Nicole H., UT

I grew up in Southern California from 1995 until 2013 when I left the state to go to college. I don’t remember how old I was when I was diagnosed with asthma, but it was early enough that I can’t ever remember not having it. When I was in grade school, my asthma wasn’t awful. It was manageable and I mostly had to deal with allergies. But once I got to middle school, it became much more severe.

Every year it got worse, and by sixth grade I was using my rescue inhaler at least twice a day. My doctor put me on a preventative inhaler for a while but I found that it made my asthma worse so I stopped using it. He then decided that I was just ‘abusing’ my medication and/or was addicted to my inhaler. So instead of looking for other solutions to helping treat and manage my asthma, he severely reduced my refills from three for three months (I would use about one per month) to one for three months. This forced me to ration my inhaler doses. I started using only one puff instead of two when I used it, and it was a huge source of anxiety for me, always worrying about running out.

I remember in eighth grade, during the Santa Ana wind season, my inhaler stopped helping. I took multiple doses at once and it didn’t do anything. It got so bad that I couldn’t stand up or walk because I couldn’t breathe, and I would get dizzy and fall over. I was taken to the hospital and my mother was given the option to have me hospitalized or to take home a nebulizer. We took the machine and for the next week I had to do a breathing treatment every four hours, and I basically lived on the couch.

After that incident, I continued to use my inhaler too much, and whenever it stopped being effective, I would switch to using the nebulizer to get it under control again. By the time I got to college, I was using my rescue inhaler about 5 times per day, on average. And every three months or so, like clockwork, my asthma would get so out of control that I would end up in the ER where I got oral medication to get it under control again.

I lived like that for years until I finally met a doctor that was actually concerned by how much I was using my medications. I had lived my entire life until then, thinking that it was a mental dependency and that it was all in my head. But he put me on a steroid inhaler that to this day I use twice a day every day. I was shocked to find that, after just a week on the steroid, my asthma was getting a lot easier to manage. I was using my inhaler less and having fewer attacks, and I wasn’t waking up unable to breathe. I realized that no, it wasn’t in my head, and I’m still rather angry at my childhood doctor for assuming that I was abusing my inhaler instead of actually helping me to treat it. I went through a lot of pain, anxiety, and medical bills over the years because of it.
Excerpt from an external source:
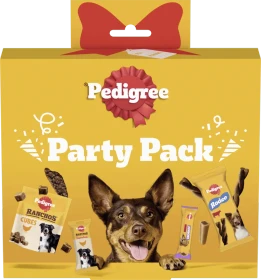 Pedigree Party Pack 4 Varietäten Ranchos Cubes Huhn, Ranchos Superfoods Huhn, Jumbone Rind & Geflügel, Rodeo Rind, 241g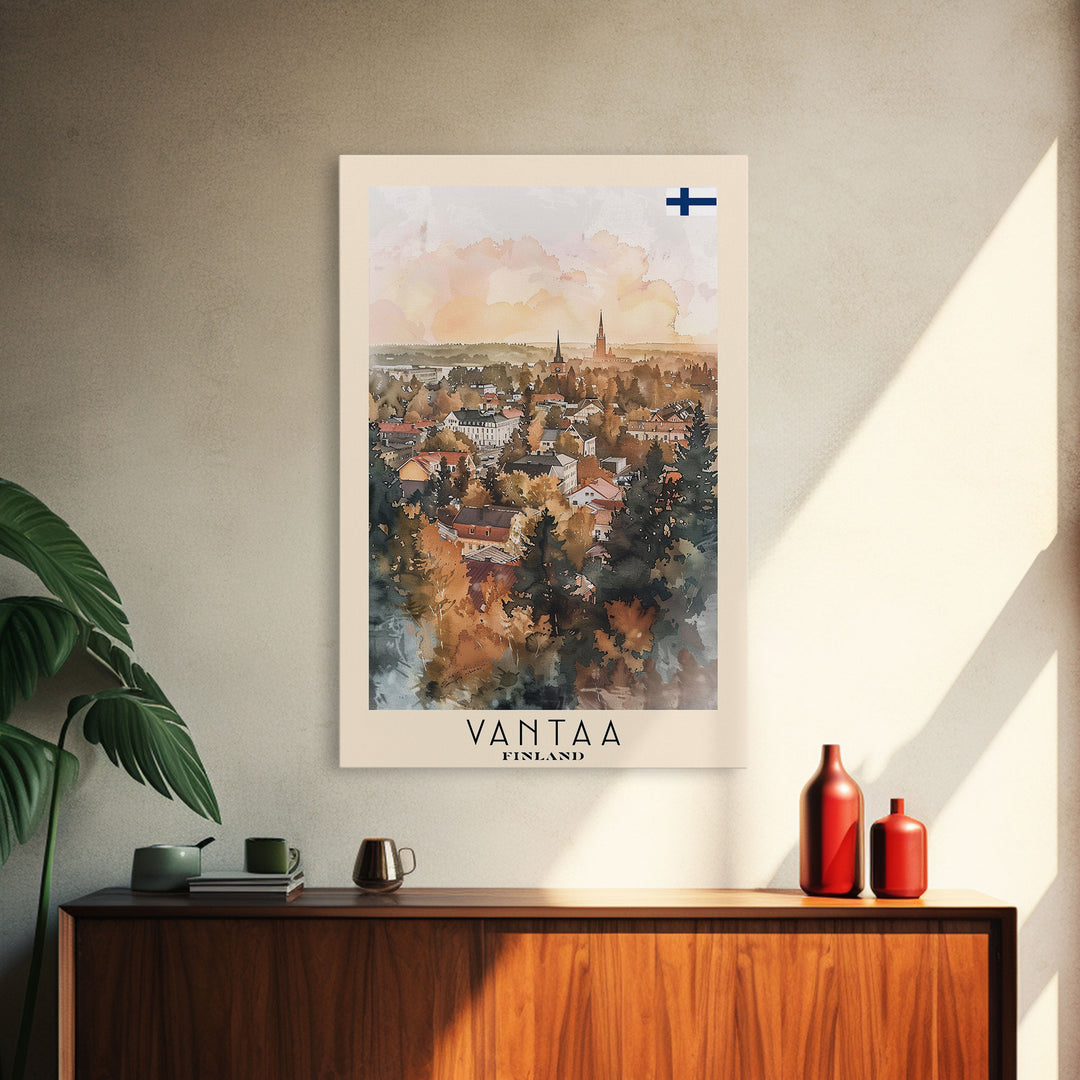 Vantaa Finland Travel Poster Framed Canvas Print, Watercolor Painting, Urban Wall Art, Home Decor, Finnish Cityscape, Modern Art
But now, thankfully, I rarely have to use my inhaler. I went from carrying it everywhere with me and using it many times a day to using it maybe once or twice a month, if that. I also don’t end up in the ER when my asthma really flare up, I can just use my nebulizer and be back to normal after a few days. I’d like to think that most doctors nowadays wouldn’t do what mine did, but I’m sure theres many people, especially children, who aren’t being treated properly because they either don’t have the means or don’t know any better, like I did.

I hope that my story, and most likely many many others like mine will be noticed, and I hope that people and health care providers can be made aware of how important it is to properly diagnose and treat people correctly instead of assuming or thinking that the patient is ‘exaggerating.’ Thank you for reading.